### RECORDED INFORMATION
----------------
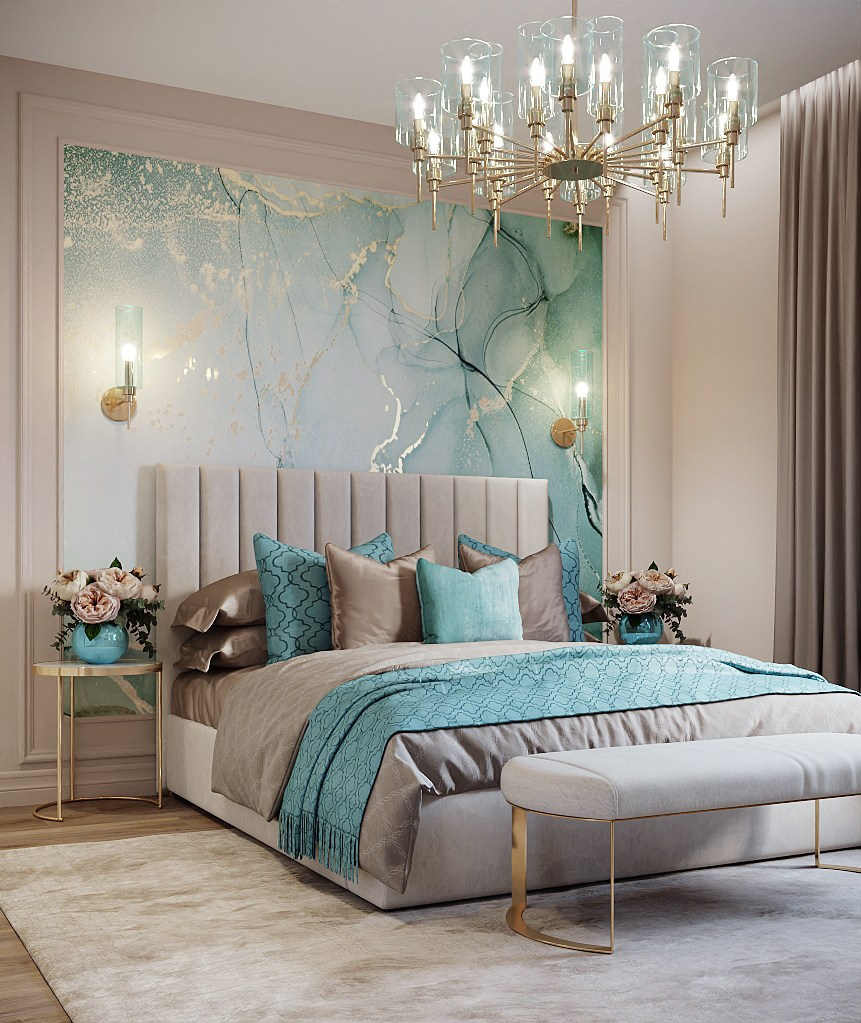 Дом с бирюзовыми акцентами. Студия дизайна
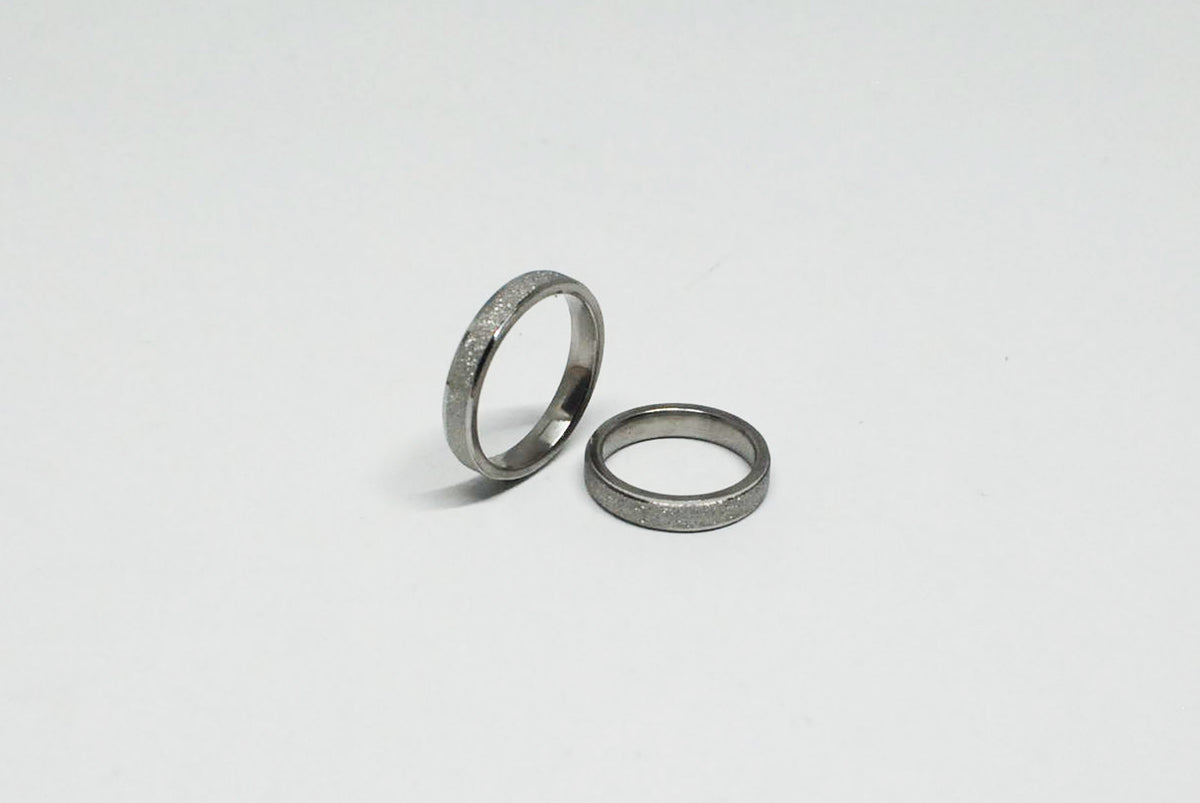 Silver Band with Textured Silver Detail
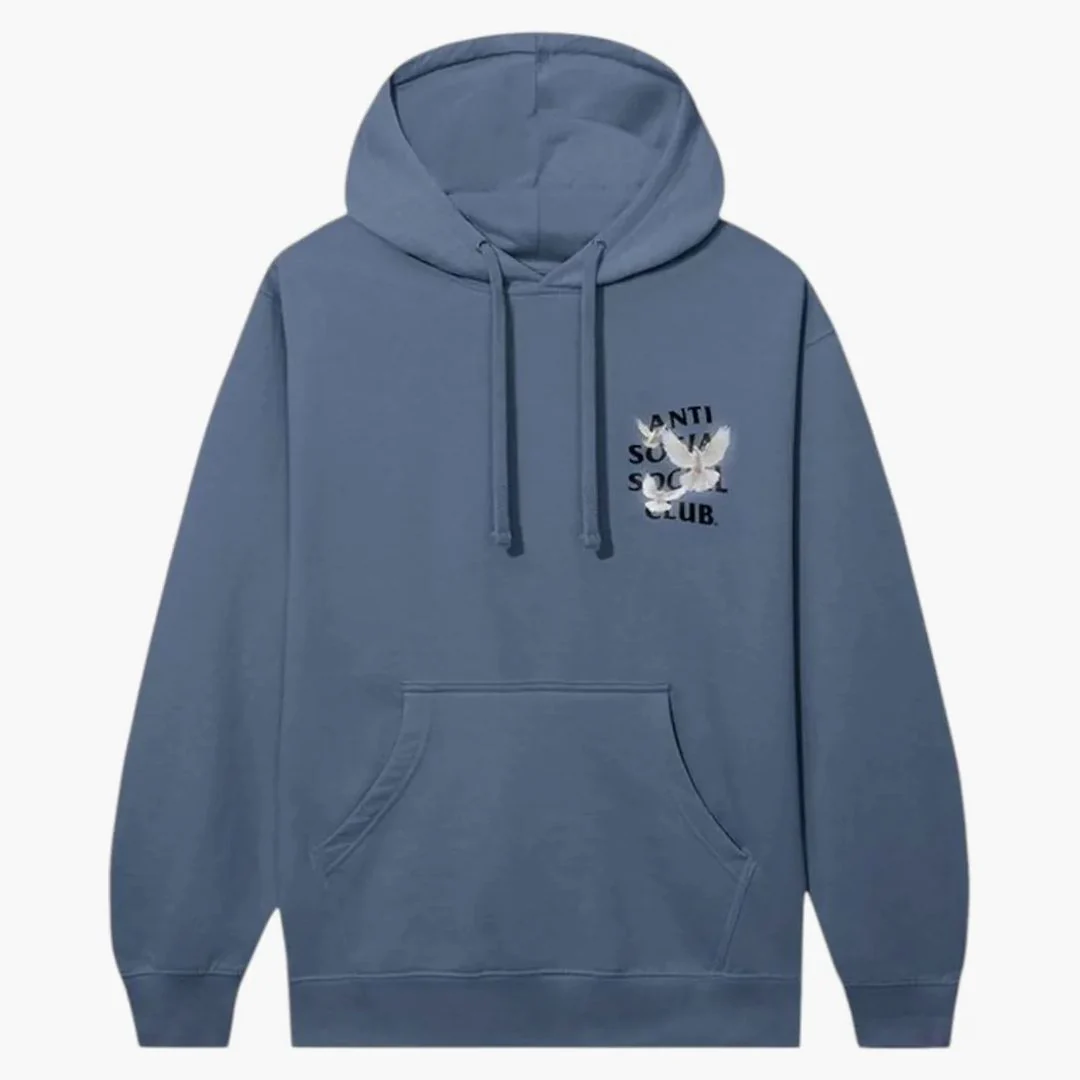 Anti Social Social Club Appreciate Life Hoodie Storm Blue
----------------
### WHAT IS REQUIRED
Please return the whole listing exactly. Do not copy its images.

### RESULT
 Дом с бирюзовыми акцентами. Студия дизайна
 Silver Band with Textured Silver Detail
 Anti Social Social Club Appreciate Life Hoodie Storm Blue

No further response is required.